(Activity) Below this line are records; write out exactly the lines from the one containing "Large Berggren Enamelware" through the one containing "15 Piece Rhinestone", with the pictures left out.

[[ Given records open ]]

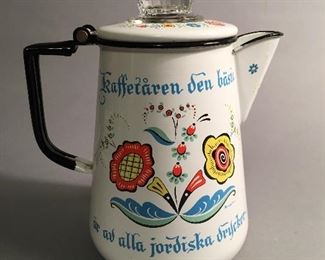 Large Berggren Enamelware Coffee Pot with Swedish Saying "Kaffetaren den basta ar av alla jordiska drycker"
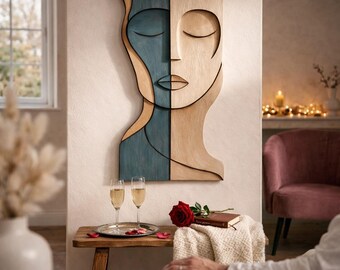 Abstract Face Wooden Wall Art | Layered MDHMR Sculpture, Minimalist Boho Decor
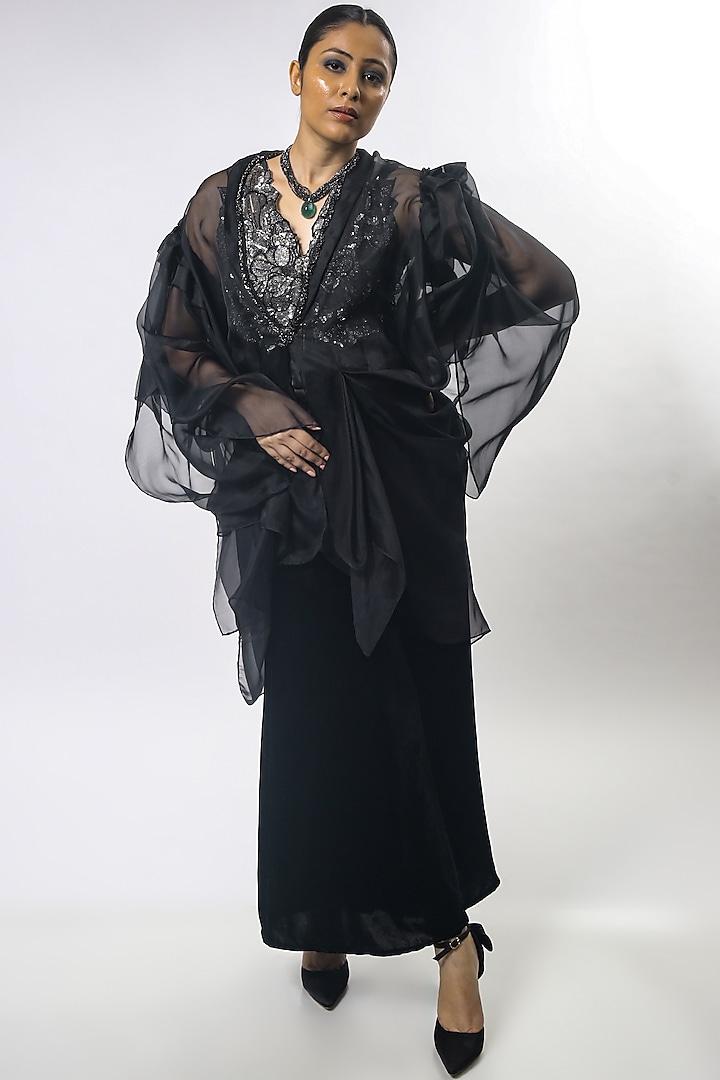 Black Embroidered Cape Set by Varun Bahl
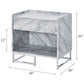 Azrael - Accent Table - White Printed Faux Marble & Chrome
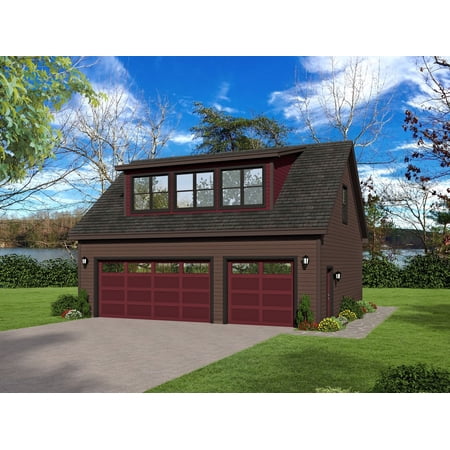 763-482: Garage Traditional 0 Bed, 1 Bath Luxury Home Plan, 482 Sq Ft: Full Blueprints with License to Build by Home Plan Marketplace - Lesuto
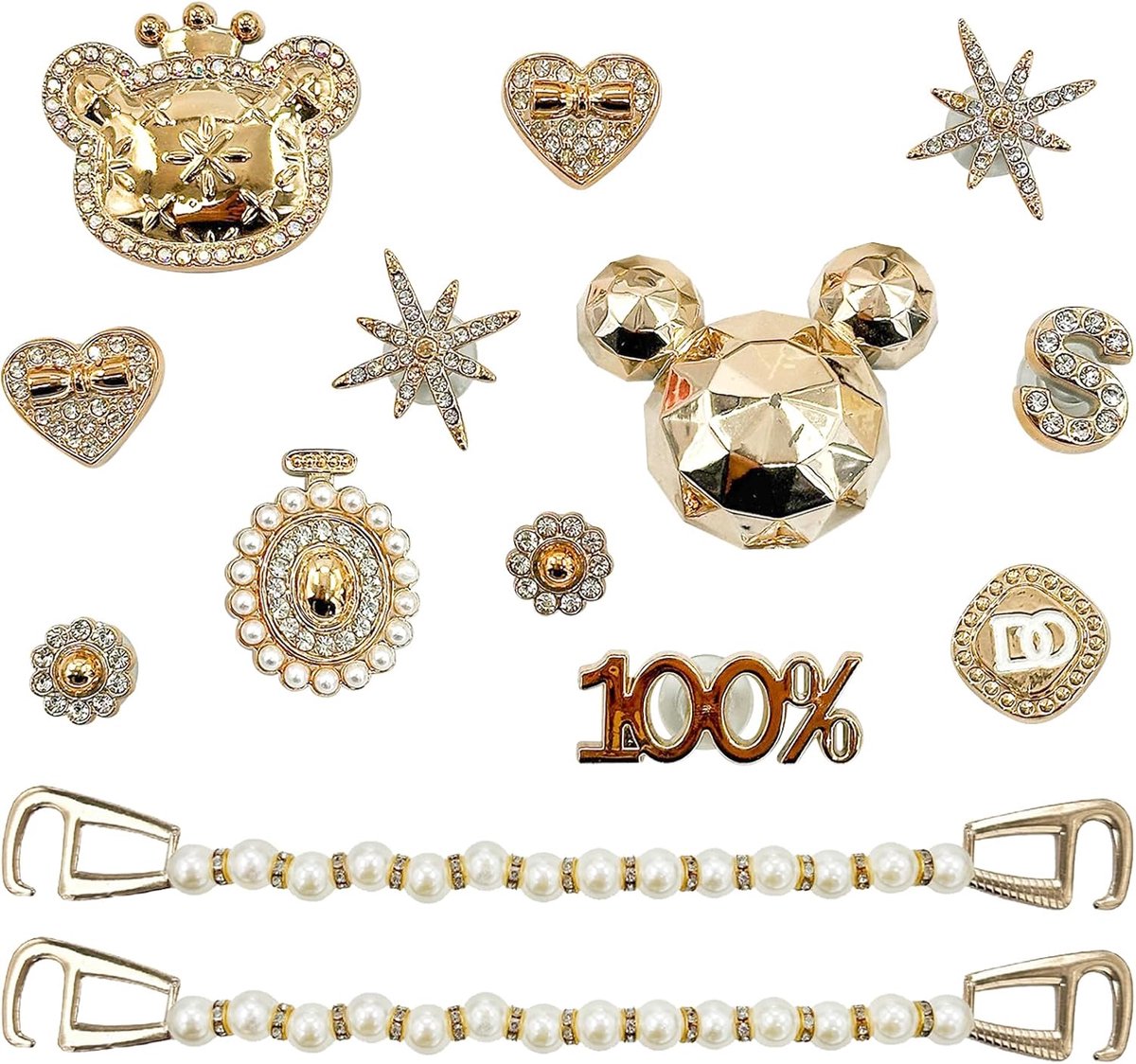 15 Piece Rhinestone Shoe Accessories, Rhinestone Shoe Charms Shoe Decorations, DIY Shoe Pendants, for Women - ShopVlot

[[ Given records closed ]]
[[ Given records open ]]

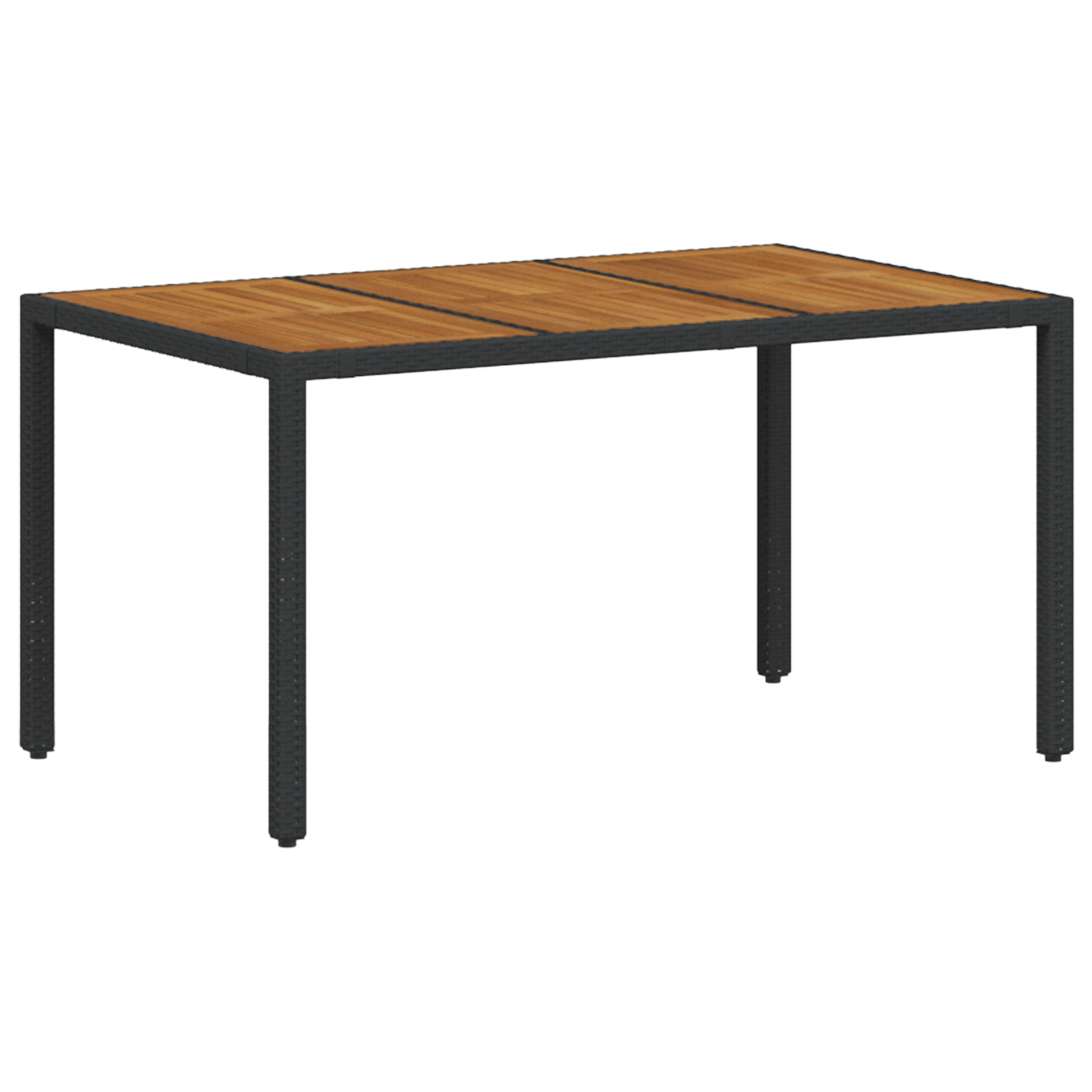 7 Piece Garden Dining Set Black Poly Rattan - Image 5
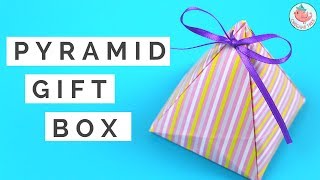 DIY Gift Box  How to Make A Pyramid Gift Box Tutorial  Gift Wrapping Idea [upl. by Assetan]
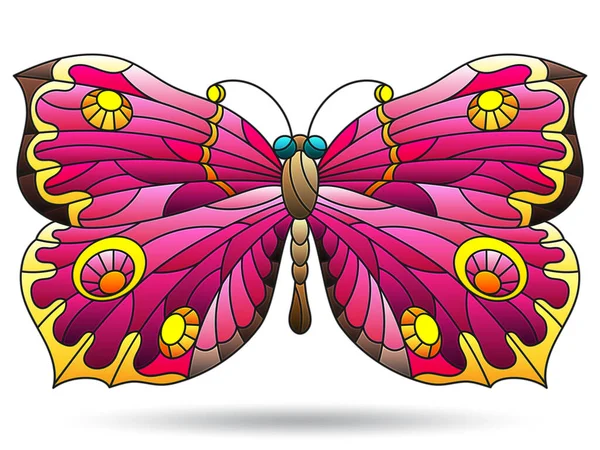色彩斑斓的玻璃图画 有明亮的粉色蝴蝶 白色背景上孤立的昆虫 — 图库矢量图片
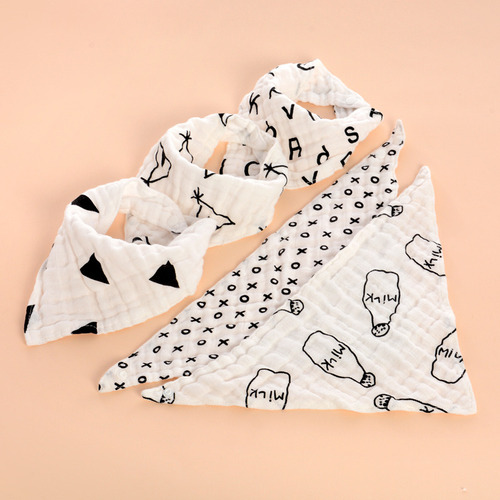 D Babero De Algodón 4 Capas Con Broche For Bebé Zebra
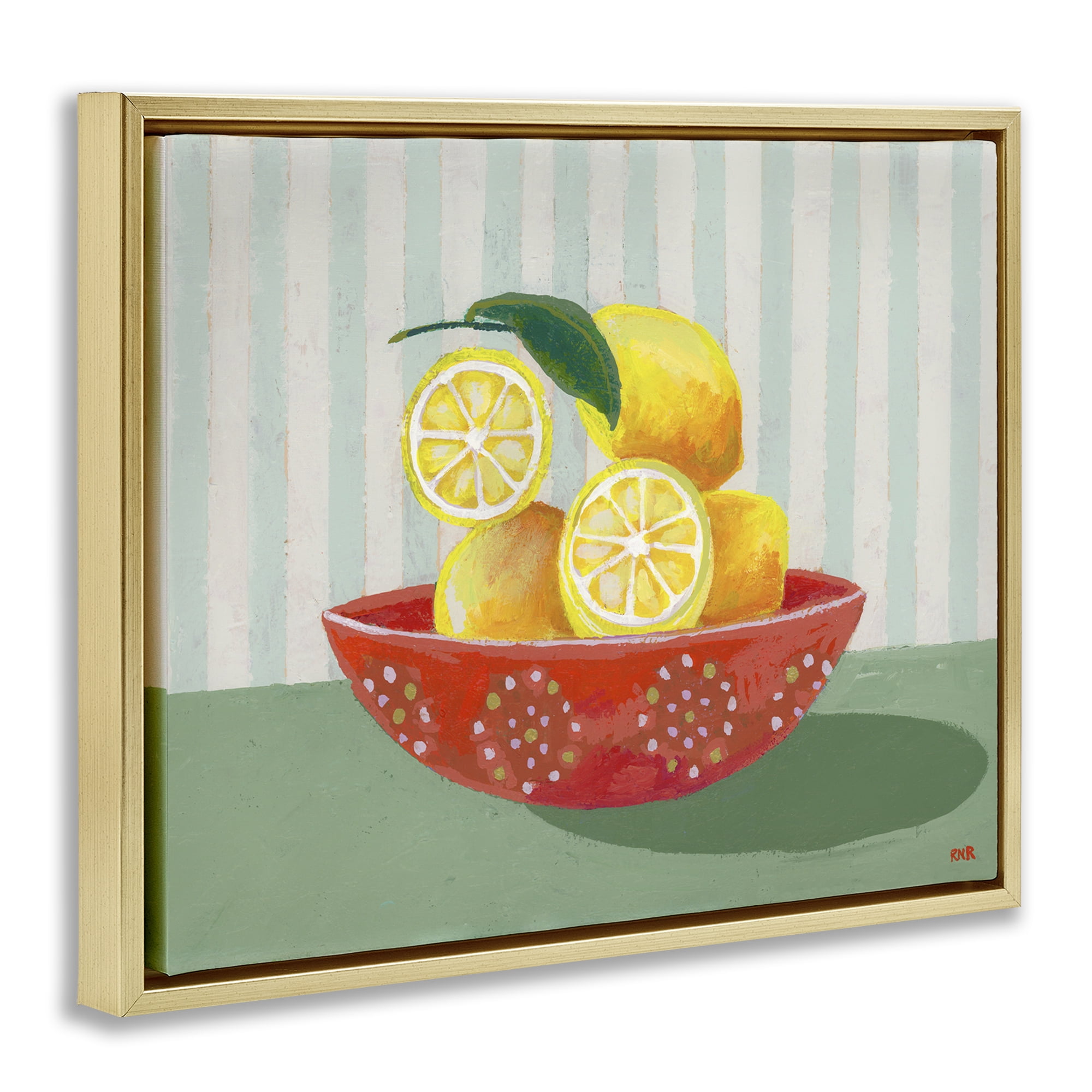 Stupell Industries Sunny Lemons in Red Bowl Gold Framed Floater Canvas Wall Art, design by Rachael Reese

[[ Given records closed ]]
[[ Given records open ]]

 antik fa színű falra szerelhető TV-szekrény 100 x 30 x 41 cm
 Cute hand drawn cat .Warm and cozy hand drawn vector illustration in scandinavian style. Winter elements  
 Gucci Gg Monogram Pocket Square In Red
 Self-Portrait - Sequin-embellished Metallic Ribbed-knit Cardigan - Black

[[ Given records closed ]]

(Task output)
 Large Berggren Enamelware Coffee Pot with Swedish Saying "Kaffetaren den basta ar av alla jordiska drycker"
 Abstract Face Wooden Wall Art | Layered MDHMR Sculpture, Minimalist Boho Decor
 Black Embroidered Cape Set by Varun Bahl
 Azrael - Accent Table - White Printed Faux Marble & Chrome
 763-482: Garage Traditional 0 Bed, 1 Bath Luxury Home Plan, 482 Sq Ft: Full Blueprints with License to Build by Home Plan Marketplace - Lesuto
 15 Piece Rhinestone Shoe Accessories, Rhinestone Shoe Charms Shoe Decorations, DIY Shoe Pendants, for Women - ShopVlot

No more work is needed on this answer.